Now, given that their religiously-neutral red-and-white snowy winterscapes had been up since Halloween, I understand. And anyway, this week America lies sprawling in the wake of buyer's remorse, sugar- headaches and the melancholy that accompanies getting your cake, eating it, and feeling rather ill afterwards. (My friend Steve commented today, "All I want to eat is fruit. No more chocolate!")

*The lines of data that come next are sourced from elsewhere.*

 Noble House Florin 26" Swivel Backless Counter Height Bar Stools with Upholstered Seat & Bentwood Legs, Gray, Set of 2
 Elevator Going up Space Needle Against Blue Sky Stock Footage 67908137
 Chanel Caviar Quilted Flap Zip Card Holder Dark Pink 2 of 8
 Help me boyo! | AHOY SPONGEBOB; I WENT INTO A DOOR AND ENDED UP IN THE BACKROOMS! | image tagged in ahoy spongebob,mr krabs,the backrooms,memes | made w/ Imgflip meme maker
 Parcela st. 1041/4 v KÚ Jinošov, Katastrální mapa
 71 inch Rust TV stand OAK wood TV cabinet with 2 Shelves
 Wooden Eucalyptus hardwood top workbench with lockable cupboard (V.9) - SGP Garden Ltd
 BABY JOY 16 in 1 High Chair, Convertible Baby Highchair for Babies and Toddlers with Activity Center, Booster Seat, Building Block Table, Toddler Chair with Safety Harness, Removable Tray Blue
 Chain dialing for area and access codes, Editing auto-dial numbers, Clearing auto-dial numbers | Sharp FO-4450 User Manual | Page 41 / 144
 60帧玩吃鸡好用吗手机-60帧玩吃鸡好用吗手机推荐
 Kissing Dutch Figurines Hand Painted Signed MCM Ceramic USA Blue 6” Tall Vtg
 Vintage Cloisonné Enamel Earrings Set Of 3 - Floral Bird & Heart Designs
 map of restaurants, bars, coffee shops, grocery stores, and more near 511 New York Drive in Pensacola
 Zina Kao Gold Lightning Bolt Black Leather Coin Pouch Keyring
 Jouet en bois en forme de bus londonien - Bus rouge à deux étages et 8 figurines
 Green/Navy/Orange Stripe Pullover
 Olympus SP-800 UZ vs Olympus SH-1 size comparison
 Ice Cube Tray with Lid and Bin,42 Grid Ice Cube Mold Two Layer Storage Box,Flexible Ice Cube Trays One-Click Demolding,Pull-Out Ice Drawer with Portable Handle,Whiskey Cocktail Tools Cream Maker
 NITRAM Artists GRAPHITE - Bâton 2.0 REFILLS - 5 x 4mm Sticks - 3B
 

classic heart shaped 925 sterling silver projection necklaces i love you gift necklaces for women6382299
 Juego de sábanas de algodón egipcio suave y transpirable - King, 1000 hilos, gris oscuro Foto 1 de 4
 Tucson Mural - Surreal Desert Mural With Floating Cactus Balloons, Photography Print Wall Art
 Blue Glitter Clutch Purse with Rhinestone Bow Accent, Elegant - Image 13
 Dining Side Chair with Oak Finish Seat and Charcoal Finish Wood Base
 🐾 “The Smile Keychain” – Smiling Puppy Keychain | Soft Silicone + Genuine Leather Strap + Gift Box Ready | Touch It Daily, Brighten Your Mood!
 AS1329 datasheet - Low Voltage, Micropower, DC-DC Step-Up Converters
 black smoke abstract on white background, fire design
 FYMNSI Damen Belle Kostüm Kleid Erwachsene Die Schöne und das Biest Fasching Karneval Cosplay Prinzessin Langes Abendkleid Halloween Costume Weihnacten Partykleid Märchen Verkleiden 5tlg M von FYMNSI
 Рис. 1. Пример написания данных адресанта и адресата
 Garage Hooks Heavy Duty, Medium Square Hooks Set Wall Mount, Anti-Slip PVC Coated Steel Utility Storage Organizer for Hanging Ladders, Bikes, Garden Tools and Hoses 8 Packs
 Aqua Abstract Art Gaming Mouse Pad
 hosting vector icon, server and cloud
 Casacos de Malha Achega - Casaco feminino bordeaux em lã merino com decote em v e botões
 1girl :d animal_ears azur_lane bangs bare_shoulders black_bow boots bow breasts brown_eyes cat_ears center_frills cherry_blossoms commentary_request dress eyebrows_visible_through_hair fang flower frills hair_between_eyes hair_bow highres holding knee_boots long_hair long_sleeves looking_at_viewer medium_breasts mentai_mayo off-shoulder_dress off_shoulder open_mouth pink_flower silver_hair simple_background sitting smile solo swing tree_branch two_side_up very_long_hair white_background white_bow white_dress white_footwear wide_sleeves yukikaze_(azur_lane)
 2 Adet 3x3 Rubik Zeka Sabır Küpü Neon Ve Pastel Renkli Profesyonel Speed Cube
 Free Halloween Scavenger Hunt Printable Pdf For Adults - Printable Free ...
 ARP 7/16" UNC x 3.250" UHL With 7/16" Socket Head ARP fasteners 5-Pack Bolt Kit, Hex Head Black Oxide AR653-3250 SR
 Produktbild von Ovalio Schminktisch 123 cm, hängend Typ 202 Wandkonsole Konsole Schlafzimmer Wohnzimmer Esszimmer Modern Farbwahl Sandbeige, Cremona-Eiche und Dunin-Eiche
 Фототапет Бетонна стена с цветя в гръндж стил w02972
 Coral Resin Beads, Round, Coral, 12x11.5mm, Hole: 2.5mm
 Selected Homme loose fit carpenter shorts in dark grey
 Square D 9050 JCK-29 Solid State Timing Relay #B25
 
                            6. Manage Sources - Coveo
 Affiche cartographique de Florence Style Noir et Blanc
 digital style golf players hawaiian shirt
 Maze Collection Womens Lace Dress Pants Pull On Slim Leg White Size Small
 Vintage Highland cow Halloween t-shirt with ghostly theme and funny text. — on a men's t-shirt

All the same, as far as the church calendar is concerned, Christmas is only started. For centuries, Christmas was a season. Lasting 12 days, from the Feast of the Nativity on the 25th (Christ's mass), until Epiphany on the 6th of January, the church recognized that meditating on the incarnation was too big a job for one day. Advent prepared us, turning our longing toward the presence of God—and now is the season to rejoice! Emmanuel—God with us—has indeed come.

So this year I am celebrating still. My advent wreath is lit each night (the first candle is getting perilously low), the tree is glittering in the window and I am unabashedly playing my Christmas music in the car. But more: I am trying to ponder the mystery of the entrance of God into this world as one of us.

Luke tells us of Mary's quiet pondering, treasuring up all the wonder surrounding the birth of her Son and meditating on them within her heart. She is our guide in this season—a time to continue on in quiet, rapt wonder of our God.